ASSIGNMENT:
From the records that follow, return exactly the lines beginning at the one that contains "Varias unidades de" and ending at the one that contains "6167 Four Wood Drive, Matthews, NC 28104", pictures left out.

DATA PROVIDED:
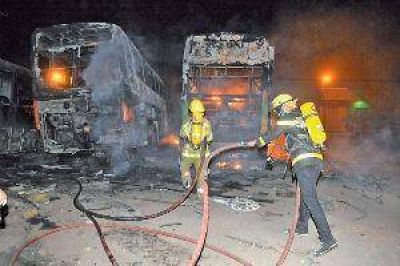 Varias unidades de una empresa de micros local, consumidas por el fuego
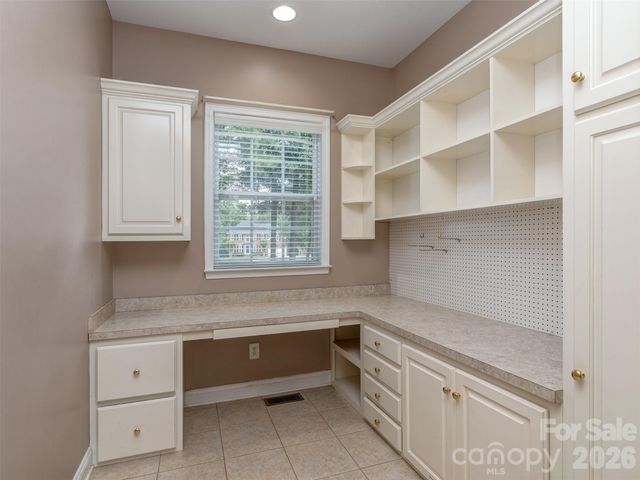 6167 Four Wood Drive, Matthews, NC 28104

==

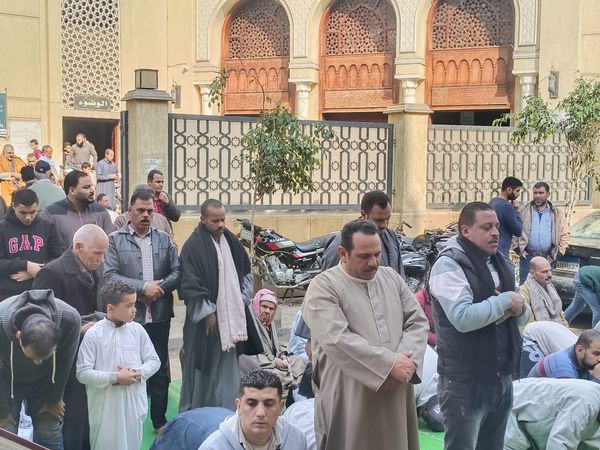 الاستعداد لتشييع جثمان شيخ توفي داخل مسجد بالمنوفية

COMPLETED TASK:
 Varias unidades de una empresa de micros local, consumidas por el fuego
 6167 Four Wood Drive, Matthews, NC 28104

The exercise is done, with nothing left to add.